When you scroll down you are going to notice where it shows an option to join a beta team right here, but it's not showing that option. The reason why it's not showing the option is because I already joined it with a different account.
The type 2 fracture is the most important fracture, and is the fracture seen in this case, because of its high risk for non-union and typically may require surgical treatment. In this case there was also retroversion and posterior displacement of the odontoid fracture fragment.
==
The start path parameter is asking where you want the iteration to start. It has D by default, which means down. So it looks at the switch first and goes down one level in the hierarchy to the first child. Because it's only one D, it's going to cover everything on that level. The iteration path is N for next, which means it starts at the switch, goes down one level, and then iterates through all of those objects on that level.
--
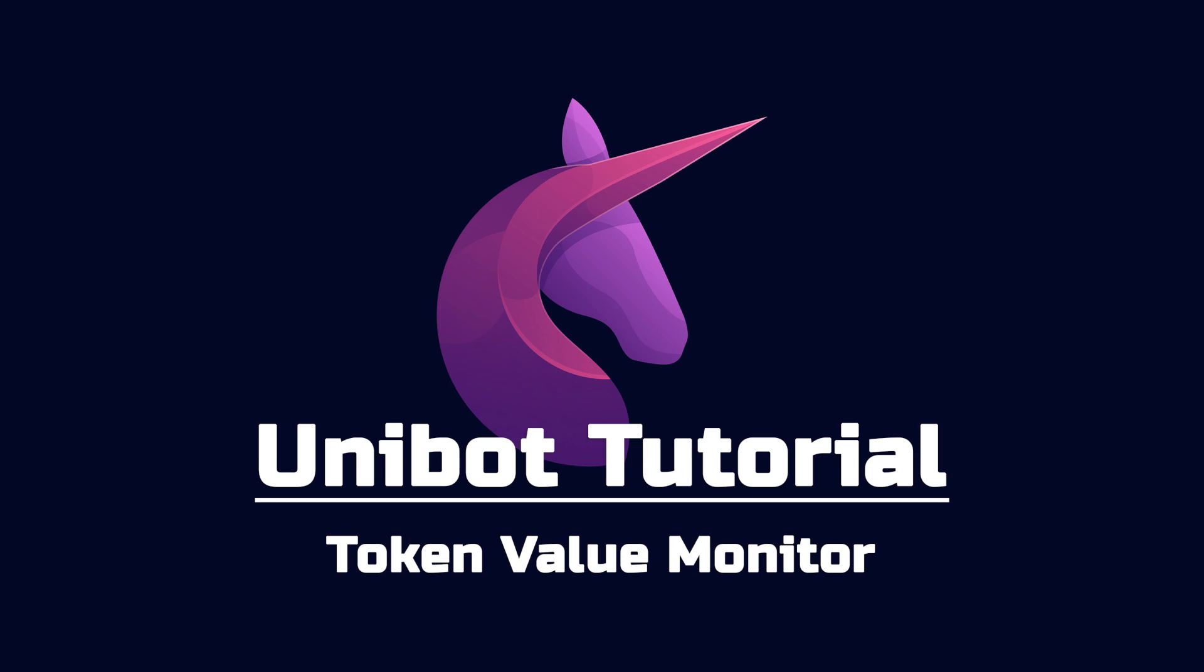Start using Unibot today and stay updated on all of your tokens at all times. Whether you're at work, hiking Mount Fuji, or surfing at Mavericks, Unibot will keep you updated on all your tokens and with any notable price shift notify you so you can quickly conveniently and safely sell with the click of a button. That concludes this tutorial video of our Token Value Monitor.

Directions for this task: Your task is to return each line of the data above that contains the string "where".

Exercise result:
When you scroll down you are going to notice where it shows an option to join a beta team right here, but it's not showing that option. The reason why it's not showing the option is because I already joined it with a different account.
The start path parameter is asking where you want the iteration to start. It has D by default, which means down. So it looks at the switch first and goes down one level in the hierarchy to the first child. Because it's only one D, it's going to cover everything on that level. The iteration path is N for next, which means it starts at the switch, goes down one level, and then iterates through all of those objects on that level.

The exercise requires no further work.